Mill Computing, Inc. Forums The Mill Architecture Single register Reply To: Single register

Ivan Godard
Keymaster
Post count: 689

Belt contents are immutable; the belt is strictly SSA. However, although you cannot move a value on the belt, you can create a new value that is the same as an existing value, and your example of adding zero would do that. OR with zero would likely consume marginally less power than add with zero, especially if the operand you want to save is a vector.

So there’s a better way: the rescue op. This does the same belt normalization that control flow operations do, except without actually transferring to a new address. Rescue comes in two forms. One specifies the belt positions to move to the front using an argument list. This form can arbitrarily reorder the rescued operands, and can also duplicate operands; in this is acts exactly like (and uses the same hardware as) the call and retn operations. However, the position-list argument uses one morsel per position of encoding space.

The other form of rescue specifies the desired operands using a bitmap of the positions, which are moved to the front in numeric order and dups are not possible. The underlying implementation and effect is exactly the same, but the bitmap is a more compact encoding if you rescue more than two operands.
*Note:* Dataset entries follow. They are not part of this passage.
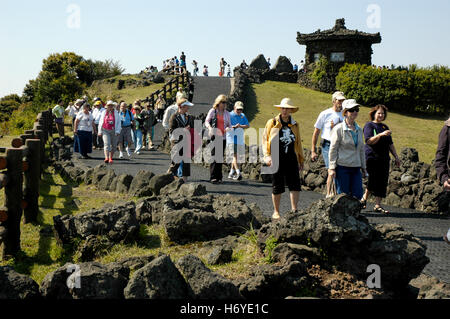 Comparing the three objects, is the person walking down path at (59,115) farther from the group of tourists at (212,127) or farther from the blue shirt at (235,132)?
the blue shirt at (235,132)

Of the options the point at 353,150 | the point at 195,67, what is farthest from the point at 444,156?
the point at 195,67

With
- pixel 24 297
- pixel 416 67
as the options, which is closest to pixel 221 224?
pixel 24 297

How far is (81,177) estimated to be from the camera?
12.5m

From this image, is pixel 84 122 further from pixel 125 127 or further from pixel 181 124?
pixel 181 124

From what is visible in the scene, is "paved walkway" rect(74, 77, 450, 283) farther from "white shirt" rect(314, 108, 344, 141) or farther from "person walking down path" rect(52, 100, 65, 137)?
"person walking down path" rect(52, 100, 65, 137)

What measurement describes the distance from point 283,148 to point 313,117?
2568cm

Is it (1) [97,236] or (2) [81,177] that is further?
(2) [81,177]

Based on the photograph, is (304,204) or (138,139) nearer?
(304,204)

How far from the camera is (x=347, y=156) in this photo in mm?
7805

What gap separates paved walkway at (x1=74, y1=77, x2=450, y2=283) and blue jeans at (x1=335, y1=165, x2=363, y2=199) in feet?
3.85

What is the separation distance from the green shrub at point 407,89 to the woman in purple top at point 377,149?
28.8m

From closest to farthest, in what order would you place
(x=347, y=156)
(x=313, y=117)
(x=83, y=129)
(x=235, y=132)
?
(x=347, y=156), (x=235, y=132), (x=83, y=129), (x=313, y=117) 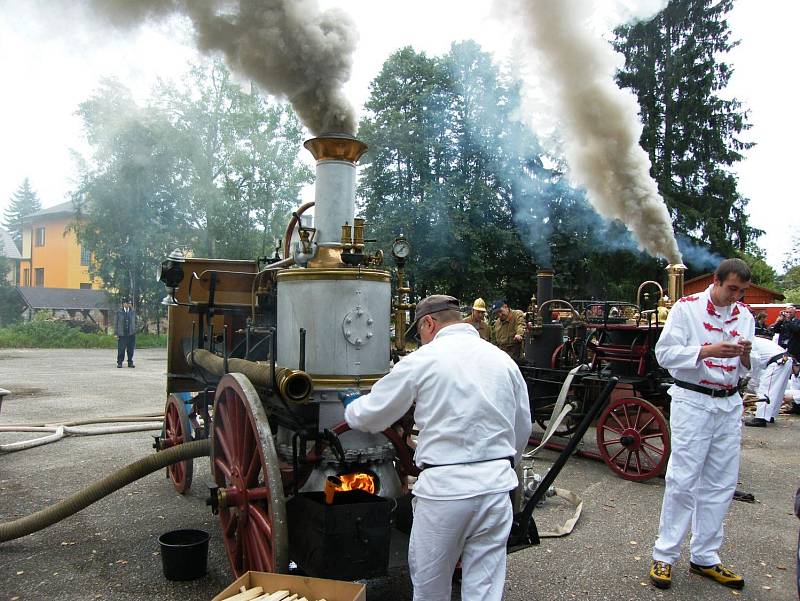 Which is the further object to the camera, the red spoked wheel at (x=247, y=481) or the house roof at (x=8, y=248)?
the house roof at (x=8, y=248)

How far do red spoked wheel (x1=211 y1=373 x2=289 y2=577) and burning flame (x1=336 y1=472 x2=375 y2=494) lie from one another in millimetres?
430

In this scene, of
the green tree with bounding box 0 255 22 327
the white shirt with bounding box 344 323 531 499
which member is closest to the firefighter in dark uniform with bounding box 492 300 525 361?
the white shirt with bounding box 344 323 531 499

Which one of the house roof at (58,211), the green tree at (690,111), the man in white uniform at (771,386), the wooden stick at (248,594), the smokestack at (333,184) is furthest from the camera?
the house roof at (58,211)

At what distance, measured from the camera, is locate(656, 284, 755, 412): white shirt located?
147 inches

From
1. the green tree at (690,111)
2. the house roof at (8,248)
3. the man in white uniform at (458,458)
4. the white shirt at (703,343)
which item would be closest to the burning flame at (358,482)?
the man in white uniform at (458,458)

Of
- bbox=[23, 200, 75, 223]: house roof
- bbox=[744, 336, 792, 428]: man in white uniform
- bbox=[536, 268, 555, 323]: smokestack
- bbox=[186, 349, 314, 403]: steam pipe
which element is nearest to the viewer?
bbox=[186, 349, 314, 403]: steam pipe

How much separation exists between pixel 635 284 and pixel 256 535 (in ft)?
63.7

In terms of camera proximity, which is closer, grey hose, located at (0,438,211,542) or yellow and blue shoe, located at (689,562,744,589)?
yellow and blue shoe, located at (689,562,744,589)

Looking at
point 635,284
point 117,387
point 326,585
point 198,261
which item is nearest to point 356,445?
point 326,585

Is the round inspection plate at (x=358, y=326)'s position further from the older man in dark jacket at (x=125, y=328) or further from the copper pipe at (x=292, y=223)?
the older man in dark jacket at (x=125, y=328)

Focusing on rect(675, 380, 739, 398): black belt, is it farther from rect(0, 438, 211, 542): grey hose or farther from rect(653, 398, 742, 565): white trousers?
rect(0, 438, 211, 542): grey hose

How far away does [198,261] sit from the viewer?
588 centimetres

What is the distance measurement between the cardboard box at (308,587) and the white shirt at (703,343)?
2295 millimetres

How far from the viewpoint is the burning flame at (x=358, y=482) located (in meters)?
3.41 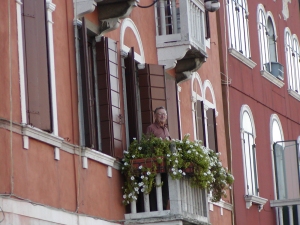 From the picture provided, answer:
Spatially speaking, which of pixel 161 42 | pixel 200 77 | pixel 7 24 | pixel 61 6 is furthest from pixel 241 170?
pixel 7 24

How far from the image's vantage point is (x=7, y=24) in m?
12.6

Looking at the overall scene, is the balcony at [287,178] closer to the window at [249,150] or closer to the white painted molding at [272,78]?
the window at [249,150]

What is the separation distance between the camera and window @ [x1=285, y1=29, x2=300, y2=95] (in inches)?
1126

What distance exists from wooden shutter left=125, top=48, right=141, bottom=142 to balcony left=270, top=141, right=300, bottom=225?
9.40 m

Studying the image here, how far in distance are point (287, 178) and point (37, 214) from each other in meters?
13.7

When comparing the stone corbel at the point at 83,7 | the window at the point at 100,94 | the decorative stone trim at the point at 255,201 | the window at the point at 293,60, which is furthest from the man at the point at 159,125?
the window at the point at 293,60

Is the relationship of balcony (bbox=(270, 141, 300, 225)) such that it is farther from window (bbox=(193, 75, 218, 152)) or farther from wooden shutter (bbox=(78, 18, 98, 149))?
wooden shutter (bbox=(78, 18, 98, 149))

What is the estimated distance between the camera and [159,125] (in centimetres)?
1642

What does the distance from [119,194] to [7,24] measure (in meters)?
4.09

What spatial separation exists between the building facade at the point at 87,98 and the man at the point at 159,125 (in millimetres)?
264

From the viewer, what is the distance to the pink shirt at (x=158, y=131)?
16281mm

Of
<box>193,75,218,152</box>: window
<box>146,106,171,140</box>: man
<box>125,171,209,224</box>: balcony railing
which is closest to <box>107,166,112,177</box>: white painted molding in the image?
<box>125,171,209,224</box>: balcony railing

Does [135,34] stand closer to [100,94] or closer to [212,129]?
[100,94]

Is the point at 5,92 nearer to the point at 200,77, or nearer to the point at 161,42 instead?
the point at 161,42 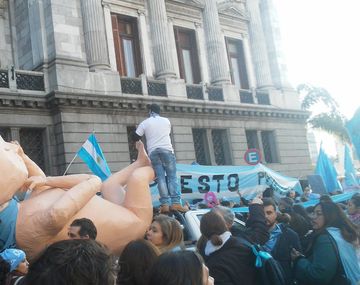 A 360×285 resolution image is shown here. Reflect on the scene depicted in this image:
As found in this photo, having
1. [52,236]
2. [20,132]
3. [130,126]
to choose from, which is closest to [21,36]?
[20,132]

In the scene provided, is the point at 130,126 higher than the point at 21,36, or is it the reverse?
the point at 21,36

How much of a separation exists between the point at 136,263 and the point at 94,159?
788 centimetres

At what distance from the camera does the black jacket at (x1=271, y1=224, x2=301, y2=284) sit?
178 inches

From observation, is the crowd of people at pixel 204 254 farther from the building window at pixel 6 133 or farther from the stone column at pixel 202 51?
the stone column at pixel 202 51

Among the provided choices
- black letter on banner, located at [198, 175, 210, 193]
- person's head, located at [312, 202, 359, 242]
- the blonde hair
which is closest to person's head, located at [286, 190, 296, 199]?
black letter on banner, located at [198, 175, 210, 193]

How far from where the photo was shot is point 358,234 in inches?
170

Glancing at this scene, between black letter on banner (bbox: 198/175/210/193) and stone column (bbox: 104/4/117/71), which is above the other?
stone column (bbox: 104/4/117/71)

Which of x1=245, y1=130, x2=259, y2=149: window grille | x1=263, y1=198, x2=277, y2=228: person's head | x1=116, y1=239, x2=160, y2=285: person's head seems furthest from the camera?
x1=245, y1=130, x2=259, y2=149: window grille

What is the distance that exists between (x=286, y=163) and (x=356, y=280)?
66.5ft

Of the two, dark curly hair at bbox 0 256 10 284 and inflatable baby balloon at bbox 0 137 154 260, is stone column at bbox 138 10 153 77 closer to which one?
inflatable baby balloon at bbox 0 137 154 260

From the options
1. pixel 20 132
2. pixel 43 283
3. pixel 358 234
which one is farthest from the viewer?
pixel 20 132

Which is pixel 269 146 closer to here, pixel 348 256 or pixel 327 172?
pixel 327 172

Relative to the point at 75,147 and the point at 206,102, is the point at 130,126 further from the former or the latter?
the point at 206,102

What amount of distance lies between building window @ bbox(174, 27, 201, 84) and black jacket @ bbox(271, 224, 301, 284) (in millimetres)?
17241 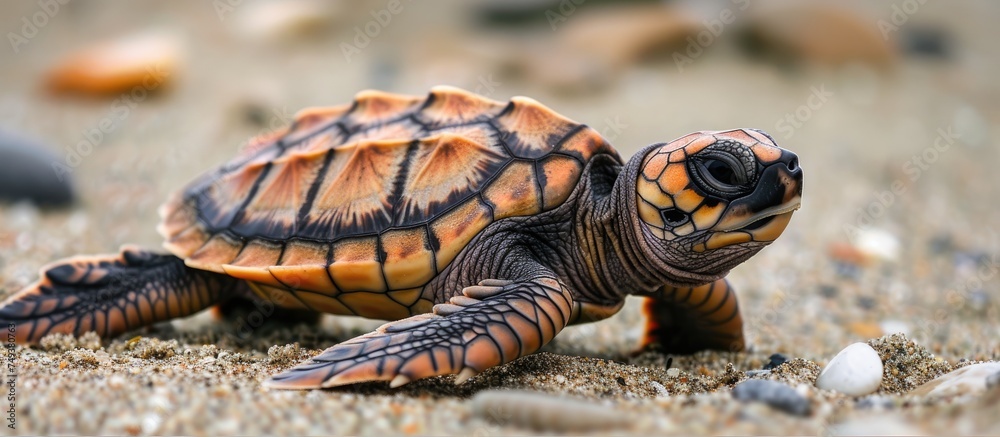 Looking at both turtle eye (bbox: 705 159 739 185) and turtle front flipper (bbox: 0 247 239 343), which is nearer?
turtle eye (bbox: 705 159 739 185)

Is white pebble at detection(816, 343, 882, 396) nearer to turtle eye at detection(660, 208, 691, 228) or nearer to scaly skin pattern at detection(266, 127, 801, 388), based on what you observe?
scaly skin pattern at detection(266, 127, 801, 388)

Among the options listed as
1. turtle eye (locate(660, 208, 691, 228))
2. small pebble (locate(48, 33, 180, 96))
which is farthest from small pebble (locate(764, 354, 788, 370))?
small pebble (locate(48, 33, 180, 96))

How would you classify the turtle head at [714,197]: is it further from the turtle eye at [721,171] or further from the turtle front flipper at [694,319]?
the turtle front flipper at [694,319]

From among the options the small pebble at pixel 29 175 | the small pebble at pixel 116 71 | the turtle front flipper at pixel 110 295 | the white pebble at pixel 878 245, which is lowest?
the turtle front flipper at pixel 110 295

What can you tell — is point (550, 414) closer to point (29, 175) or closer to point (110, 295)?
point (110, 295)

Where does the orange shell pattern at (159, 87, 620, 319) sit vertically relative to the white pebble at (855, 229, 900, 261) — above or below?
above

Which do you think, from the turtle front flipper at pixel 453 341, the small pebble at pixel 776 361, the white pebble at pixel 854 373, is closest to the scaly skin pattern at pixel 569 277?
the turtle front flipper at pixel 453 341

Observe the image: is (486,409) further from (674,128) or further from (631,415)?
(674,128) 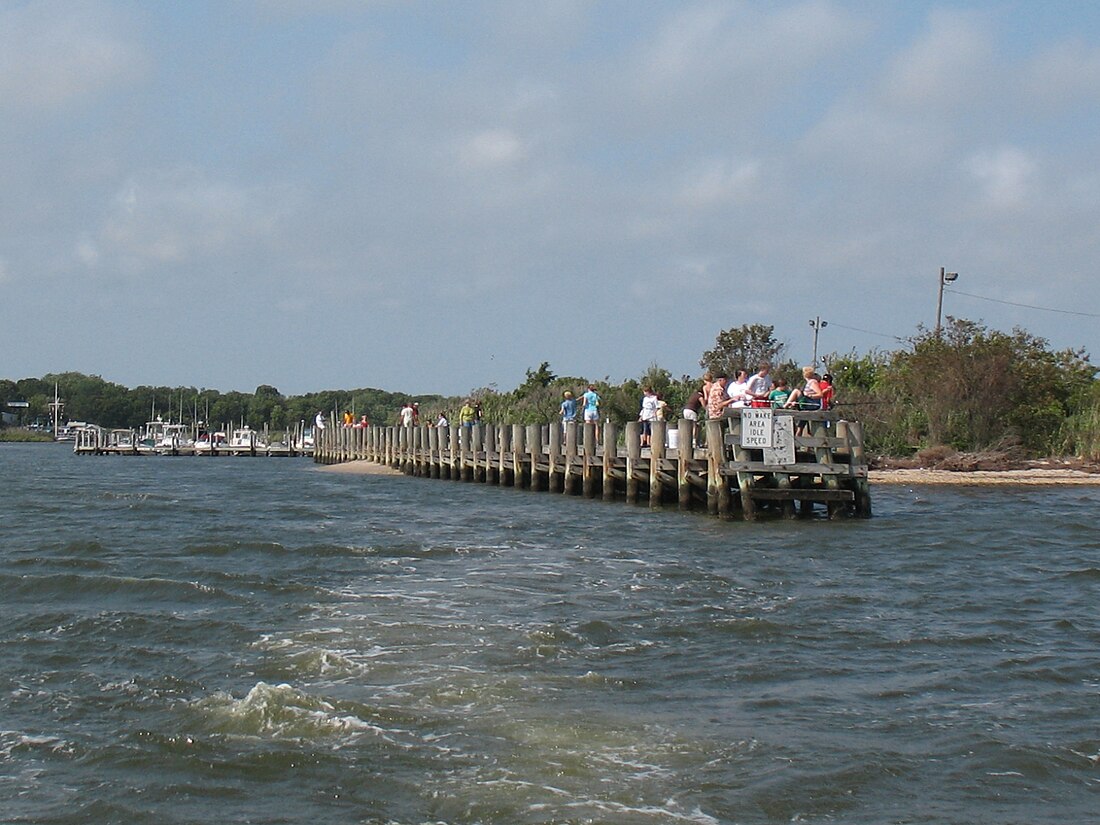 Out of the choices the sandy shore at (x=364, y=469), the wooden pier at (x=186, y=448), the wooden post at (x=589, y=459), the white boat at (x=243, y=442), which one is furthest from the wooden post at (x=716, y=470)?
the white boat at (x=243, y=442)

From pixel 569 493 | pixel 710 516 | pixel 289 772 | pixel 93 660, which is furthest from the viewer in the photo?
pixel 569 493

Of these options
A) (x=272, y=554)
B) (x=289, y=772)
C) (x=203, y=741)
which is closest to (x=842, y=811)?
(x=289, y=772)

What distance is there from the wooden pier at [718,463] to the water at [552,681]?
249 centimetres

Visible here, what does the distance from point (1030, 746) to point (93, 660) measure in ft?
20.1

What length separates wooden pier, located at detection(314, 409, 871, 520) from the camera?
1759 centimetres

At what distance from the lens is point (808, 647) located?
28.3 ft

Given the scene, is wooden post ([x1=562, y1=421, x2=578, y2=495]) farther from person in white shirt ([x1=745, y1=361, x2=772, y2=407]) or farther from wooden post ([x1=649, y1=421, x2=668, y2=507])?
person in white shirt ([x1=745, y1=361, x2=772, y2=407])

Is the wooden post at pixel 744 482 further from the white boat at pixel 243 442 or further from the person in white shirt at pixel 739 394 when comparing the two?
the white boat at pixel 243 442

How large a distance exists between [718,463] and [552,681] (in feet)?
35.7

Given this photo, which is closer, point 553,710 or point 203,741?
point 203,741

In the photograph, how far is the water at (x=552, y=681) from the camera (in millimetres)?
5574

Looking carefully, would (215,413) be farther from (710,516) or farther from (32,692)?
(32,692)

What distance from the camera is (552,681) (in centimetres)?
762

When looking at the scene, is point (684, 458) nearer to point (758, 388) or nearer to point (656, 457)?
point (656, 457) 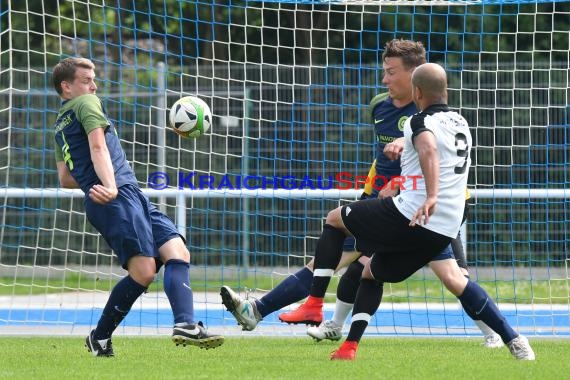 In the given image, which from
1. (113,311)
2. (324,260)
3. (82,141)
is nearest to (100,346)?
(113,311)

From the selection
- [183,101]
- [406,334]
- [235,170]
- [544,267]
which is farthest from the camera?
[235,170]

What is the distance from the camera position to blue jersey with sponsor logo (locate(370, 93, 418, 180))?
7.42 m

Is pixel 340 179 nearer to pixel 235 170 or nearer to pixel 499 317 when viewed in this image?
pixel 235 170

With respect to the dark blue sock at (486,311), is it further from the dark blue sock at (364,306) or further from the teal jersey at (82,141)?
the teal jersey at (82,141)

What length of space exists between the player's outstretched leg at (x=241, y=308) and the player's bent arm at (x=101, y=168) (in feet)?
3.12

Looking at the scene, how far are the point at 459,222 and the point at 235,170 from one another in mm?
6289

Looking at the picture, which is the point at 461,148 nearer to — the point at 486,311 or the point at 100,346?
the point at 486,311

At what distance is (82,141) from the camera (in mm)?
6824

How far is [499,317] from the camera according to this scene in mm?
6496

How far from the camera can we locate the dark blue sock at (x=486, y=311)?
6484mm

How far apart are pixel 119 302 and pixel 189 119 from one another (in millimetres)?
1487

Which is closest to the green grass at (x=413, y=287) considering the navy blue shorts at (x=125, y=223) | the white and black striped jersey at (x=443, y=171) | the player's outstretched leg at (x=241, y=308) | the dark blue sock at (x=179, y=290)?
the player's outstretched leg at (x=241, y=308)

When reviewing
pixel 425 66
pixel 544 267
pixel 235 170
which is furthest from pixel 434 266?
pixel 235 170

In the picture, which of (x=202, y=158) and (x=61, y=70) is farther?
(x=202, y=158) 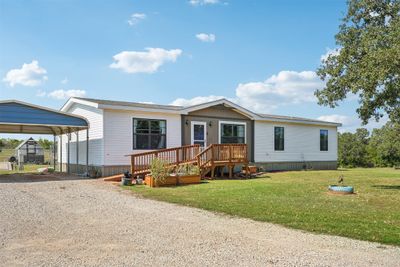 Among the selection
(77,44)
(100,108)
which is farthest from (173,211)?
(77,44)

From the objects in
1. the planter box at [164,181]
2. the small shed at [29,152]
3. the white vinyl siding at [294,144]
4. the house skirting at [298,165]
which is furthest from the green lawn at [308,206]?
the small shed at [29,152]

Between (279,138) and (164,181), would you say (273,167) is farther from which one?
(164,181)

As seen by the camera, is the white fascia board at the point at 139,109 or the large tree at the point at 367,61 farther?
the white fascia board at the point at 139,109

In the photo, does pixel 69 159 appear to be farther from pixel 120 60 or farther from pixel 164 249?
pixel 164 249

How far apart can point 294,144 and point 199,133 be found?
283 inches

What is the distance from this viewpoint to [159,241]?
210 inches

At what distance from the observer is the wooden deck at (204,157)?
15188 millimetres

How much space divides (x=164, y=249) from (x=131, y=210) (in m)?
3.21

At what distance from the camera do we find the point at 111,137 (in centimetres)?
1590

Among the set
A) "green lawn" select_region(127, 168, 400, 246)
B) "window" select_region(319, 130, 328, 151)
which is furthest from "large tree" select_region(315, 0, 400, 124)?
"window" select_region(319, 130, 328, 151)

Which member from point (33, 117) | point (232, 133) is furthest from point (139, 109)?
point (232, 133)

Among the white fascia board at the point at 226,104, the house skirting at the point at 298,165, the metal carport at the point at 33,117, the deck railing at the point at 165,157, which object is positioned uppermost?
the white fascia board at the point at 226,104

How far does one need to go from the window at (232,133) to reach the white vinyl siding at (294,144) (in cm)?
89

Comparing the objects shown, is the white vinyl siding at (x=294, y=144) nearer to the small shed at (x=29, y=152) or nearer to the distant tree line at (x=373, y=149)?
the distant tree line at (x=373, y=149) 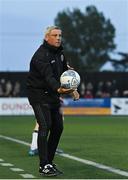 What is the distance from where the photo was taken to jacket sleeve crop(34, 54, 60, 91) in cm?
1158

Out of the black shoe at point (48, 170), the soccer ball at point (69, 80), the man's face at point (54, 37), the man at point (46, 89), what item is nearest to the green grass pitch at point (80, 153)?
the black shoe at point (48, 170)

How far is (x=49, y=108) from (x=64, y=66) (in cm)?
72

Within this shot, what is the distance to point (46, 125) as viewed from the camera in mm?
11945

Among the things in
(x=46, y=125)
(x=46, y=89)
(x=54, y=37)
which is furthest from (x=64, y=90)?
(x=54, y=37)

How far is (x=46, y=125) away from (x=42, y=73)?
32.6 inches

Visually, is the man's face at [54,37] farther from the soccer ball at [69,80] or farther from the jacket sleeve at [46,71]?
the soccer ball at [69,80]

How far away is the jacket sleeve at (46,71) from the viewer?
1158 centimetres

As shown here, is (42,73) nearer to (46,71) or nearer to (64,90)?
(46,71)

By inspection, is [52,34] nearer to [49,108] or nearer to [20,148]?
[49,108]

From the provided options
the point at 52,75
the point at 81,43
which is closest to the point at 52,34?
the point at 52,75

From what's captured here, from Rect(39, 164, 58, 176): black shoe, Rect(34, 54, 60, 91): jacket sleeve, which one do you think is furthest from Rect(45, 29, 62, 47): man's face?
Rect(39, 164, 58, 176): black shoe

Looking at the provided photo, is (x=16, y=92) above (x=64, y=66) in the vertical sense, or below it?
below

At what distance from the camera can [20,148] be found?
58.3 feet

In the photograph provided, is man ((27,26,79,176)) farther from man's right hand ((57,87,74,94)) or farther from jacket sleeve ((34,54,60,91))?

Because rescue is done entirely in the name-mapping logic it has zero latency, just like the equivalent functionality in branches and calls. It also does not require a trip through an ALU so it uses less power than e.g. adding zero, especially as the name-mapping is updated every cycle anyway. And although the belt effect is the same as that of a branch to the locally following instruction, there is not actual control flow and so the transfer-prediction hardware (with its power overhead and risk of prediction or icache miss) doesn’t get involved.